Novel chitosan-coated nanoparticles with a high payload of amphotericin B (AmB) and doxorubicin (Dox) were formulated employing a nanoprecipitation technique and evaluated for antileishmanial activity against Leishmania donovani. FTIR, DSC and TG-DTA analysis ensured the physicochemical compatibility of drugs and polymers. The chitosan-coated optimized nanoparticle formulation resulted in a mean particle size; 374.4 ± 4.8 nm, PDI; 0.227 ± 0.035 and zeta potential; (+) 32.9 ± 1.10 mV. The entrapment efficiency was determined to be 70.2 ± 4.76 and 93.86 ± 2.61% for AmB and Dox respectively. An in vitro drug release study demonstrated the release of 27.29 and 36.93% AmB and Dox, respectively after 24 h from chitosan-coated PLGA nanoparticles which is slower than the release obtained from uncoated PLGA nanoparticles of AmB and Dox (32.82 and 57.93% AmB and Dox respectively after 24 h).

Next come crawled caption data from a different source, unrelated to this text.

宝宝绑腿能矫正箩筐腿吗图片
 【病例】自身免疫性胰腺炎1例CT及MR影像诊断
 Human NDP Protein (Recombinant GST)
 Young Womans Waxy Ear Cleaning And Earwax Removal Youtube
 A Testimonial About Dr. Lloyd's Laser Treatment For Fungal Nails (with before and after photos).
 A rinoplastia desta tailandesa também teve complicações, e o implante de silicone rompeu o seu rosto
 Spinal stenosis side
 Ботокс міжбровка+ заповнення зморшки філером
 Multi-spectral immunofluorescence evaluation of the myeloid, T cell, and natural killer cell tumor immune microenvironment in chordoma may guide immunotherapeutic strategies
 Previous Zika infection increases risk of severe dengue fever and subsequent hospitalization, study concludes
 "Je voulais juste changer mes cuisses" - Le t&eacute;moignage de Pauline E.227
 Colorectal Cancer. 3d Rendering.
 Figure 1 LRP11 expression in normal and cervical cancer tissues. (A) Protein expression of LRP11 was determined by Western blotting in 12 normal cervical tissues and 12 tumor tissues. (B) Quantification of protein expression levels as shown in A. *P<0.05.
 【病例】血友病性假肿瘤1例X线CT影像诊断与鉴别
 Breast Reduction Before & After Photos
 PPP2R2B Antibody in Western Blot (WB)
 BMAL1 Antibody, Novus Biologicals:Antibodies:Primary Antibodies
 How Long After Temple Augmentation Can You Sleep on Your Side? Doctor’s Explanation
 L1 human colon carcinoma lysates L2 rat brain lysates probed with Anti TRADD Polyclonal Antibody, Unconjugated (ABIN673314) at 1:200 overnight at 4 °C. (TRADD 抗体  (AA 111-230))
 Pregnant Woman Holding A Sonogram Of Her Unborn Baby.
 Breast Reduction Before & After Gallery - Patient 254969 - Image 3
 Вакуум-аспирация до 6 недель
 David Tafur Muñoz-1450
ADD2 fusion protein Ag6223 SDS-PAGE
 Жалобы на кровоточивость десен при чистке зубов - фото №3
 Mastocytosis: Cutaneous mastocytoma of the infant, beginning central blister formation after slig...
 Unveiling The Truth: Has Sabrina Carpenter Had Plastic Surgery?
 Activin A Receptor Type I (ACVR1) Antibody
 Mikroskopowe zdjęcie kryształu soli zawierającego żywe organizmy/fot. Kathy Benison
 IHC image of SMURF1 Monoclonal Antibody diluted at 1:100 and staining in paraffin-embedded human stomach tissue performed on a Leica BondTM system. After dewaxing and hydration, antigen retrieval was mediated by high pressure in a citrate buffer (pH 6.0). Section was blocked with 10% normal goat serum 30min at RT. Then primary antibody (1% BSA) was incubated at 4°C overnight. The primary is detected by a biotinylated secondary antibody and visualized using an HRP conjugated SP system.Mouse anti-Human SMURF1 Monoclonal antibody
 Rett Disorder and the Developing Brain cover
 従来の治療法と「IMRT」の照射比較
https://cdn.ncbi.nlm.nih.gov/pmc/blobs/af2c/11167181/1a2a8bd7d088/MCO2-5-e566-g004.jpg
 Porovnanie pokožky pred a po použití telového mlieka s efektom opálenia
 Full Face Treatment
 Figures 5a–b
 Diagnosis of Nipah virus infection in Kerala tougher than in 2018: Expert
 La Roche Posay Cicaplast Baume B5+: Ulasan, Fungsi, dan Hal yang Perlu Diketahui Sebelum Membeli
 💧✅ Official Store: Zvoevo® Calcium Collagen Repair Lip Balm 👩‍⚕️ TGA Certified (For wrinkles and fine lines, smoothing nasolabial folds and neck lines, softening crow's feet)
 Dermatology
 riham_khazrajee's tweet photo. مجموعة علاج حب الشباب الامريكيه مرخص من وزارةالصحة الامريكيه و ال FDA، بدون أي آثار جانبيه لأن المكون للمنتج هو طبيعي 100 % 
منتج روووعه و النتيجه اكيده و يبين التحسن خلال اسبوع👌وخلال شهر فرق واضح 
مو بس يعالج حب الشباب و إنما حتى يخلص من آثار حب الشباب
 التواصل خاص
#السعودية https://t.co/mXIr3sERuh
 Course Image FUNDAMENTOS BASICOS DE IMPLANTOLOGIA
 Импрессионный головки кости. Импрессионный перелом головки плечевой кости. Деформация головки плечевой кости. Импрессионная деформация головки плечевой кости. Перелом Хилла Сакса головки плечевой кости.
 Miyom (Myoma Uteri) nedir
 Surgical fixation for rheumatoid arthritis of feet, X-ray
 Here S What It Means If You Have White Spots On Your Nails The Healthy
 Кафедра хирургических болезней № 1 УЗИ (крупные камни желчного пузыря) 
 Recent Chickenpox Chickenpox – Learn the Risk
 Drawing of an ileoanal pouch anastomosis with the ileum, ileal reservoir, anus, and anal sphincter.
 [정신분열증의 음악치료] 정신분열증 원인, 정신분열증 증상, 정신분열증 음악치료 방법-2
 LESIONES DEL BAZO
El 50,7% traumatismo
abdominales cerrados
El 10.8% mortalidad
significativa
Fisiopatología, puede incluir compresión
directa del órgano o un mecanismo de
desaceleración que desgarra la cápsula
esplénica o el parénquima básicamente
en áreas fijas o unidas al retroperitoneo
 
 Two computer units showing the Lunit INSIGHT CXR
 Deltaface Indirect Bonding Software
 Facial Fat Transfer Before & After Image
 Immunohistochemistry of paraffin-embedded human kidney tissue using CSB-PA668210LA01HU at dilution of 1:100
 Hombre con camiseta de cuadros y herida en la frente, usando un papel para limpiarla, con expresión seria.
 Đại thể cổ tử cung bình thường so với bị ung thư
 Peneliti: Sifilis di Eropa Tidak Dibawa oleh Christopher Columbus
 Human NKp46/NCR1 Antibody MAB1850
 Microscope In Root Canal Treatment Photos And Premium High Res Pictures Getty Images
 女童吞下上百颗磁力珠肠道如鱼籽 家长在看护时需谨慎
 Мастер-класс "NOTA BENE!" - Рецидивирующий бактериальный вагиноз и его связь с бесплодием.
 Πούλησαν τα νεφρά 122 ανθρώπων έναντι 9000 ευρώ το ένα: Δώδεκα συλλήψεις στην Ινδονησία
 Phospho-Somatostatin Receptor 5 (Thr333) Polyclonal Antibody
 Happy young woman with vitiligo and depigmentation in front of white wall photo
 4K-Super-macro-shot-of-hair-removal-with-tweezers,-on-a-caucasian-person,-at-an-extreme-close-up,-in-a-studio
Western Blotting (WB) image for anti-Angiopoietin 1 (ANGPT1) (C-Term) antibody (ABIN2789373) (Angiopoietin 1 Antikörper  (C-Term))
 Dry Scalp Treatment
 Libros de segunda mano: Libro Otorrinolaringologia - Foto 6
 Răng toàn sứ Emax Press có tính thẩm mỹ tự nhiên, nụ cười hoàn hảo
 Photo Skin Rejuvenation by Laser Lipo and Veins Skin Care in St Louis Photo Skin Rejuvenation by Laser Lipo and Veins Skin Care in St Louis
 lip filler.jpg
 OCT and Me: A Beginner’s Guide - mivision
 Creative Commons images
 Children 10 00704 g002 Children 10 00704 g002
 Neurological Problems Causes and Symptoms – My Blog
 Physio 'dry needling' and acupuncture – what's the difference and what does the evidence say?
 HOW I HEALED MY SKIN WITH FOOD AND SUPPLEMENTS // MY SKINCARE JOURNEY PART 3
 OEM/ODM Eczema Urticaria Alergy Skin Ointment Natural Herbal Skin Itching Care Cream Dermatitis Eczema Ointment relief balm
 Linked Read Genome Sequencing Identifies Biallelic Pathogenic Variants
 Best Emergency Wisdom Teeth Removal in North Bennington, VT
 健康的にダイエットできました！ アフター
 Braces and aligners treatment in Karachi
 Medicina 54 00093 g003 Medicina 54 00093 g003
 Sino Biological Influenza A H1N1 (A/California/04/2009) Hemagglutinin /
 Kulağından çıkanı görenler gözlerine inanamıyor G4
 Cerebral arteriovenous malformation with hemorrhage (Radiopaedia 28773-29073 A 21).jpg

Stability studies confirmed no remarkable alterations in the physicochemical properties of nanoparticles. Cs-PLGA-ABDx was less hemotoxic (22.87 ± 0.487%) than PLGA-ABDx (36.71 ± 2.08%) and the ABDx suspension (97.04 ± 5.01%) at 42.78 μg mL−1 AmB and 80 μg mL−1 Dox. Cell uptake investigation showed the mean florescence intensity of chitosan-coated PLGA-FITC was 2.02 fold higher than uncoated PLGA-FITC nanoparticles. The cytotoxicity in J774A.1 cells revealed Cs-PLGA-ABDx was less cytotoxic compared to the ABDx suspension and PLGA-ABDx, whereas the IC50 of Cs-PLGA-ABDx against infected macrophages was significantly (p < 0.05) lower than PLGA-ABDx indicating the effectiveness of Cs-PLGA-ABDx. No significant increase in the biomedical markers AST, BUN and PC was observed in Cs-PLGA-ABDx treated groups at 1 and 3 mg kg−1 dose. These experimental findings put forward Cs-PLGA-ABDx to be a suitable alternative in the management of visceral leishmaniasis.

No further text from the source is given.